- _What you will do_
Your output should be the lines from the one with "this 930×548 image." through the end of the entries below, set down word for word and nothing else.

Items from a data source
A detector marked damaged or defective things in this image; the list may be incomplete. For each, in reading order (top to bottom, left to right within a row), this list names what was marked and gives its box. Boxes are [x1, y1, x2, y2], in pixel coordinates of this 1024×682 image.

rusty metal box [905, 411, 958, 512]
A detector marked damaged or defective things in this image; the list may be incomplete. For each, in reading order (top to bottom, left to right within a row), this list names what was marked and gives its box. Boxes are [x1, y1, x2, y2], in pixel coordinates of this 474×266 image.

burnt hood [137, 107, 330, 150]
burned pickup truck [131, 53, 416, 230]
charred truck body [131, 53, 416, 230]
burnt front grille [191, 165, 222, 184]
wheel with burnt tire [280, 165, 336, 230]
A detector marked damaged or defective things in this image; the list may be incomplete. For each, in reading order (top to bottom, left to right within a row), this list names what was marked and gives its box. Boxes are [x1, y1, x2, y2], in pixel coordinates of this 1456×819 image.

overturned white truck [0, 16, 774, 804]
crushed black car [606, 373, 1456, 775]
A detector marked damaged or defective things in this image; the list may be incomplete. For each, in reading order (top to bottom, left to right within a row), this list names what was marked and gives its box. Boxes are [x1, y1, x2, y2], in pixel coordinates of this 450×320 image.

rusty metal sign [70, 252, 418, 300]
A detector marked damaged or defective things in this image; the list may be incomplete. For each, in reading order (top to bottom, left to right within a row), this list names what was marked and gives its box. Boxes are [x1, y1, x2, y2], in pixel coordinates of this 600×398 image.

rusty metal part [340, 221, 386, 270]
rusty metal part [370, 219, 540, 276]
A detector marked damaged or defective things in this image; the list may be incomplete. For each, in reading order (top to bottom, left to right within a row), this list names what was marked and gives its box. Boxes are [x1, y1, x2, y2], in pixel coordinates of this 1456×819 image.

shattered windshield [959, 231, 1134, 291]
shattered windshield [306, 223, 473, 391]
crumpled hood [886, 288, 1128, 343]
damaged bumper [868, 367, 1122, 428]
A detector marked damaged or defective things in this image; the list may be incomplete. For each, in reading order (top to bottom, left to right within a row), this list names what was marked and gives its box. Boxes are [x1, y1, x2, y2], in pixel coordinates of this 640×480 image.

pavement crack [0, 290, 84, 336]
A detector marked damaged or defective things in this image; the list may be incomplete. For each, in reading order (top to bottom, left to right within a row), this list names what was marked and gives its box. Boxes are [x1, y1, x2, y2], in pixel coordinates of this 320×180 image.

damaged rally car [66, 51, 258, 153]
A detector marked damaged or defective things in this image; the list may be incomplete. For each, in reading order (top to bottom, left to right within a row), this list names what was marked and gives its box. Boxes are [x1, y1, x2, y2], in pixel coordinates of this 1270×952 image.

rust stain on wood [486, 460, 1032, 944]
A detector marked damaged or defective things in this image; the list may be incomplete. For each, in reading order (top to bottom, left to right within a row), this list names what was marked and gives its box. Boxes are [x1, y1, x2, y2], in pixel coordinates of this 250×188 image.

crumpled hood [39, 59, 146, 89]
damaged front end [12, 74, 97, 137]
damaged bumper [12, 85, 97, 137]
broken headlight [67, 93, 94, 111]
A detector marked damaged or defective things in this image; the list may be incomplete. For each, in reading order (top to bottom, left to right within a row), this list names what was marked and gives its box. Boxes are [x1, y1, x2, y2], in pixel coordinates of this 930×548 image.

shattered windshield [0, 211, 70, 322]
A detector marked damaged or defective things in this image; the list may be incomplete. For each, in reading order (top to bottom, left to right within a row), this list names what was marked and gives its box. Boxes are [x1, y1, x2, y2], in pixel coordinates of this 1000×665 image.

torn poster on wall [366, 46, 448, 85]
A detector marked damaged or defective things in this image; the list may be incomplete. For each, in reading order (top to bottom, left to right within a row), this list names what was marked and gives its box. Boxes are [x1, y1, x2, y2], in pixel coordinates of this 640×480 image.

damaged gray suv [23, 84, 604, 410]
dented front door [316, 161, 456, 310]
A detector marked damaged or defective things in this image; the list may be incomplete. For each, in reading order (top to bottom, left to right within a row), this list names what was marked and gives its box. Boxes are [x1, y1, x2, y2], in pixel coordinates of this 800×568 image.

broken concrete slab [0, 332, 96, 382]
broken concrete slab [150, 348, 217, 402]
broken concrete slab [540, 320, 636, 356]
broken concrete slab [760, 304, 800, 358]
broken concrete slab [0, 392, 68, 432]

- _Answer to the exercise_
A detector marked damaged or defective things in this image; the list may be incomplete. For each, in reading order (top to bottom, left to right within a row), this list names what was marked and gives its box. Boxes are [x1, y1, x2, y2], in pixel coordinates of this 930×548 image.

shattered windshield [0, 211, 70, 322]
A detector marked damaged or defective things in this image; the list may be incomplete. For each, in reading order (top to bottom, left to right within a row), this list names what was marked and gives its box. Boxes are [x1, y1, x2, y2], in pixel coordinates of this 1000×665 image.

torn poster on wall [366, 46, 448, 85]
A detector marked damaged or defective things in this image; the list may be incomplete. For each, in reading order (top to bottom, left to right within a row), this list names what was marked and gives its box. Boxes are [x1, y1, x2, y2], in pixel coordinates of this 640×480 image.

damaged gray suv [23, 84, 604, 410]
dented front door [316, 161, 456, 310]
A detector marked damaged or defective things in this image; the list may be incomplete. For each, in reading order (top to bottom, left to right within a row), this list names what was marked and gives its box. Boxes are [x1, y1, x2, y2], in pixel coordinates of this 800×568 image.

broken concrete slab [0, 332, 96, 382]
broken concrete slab [150, 348, 217, 402]
broken concrete slab [540, 320, 636, 356]
broken concrete slab [760, 304, 800, 358]
broken concrete slab [0, 392, 68, 432]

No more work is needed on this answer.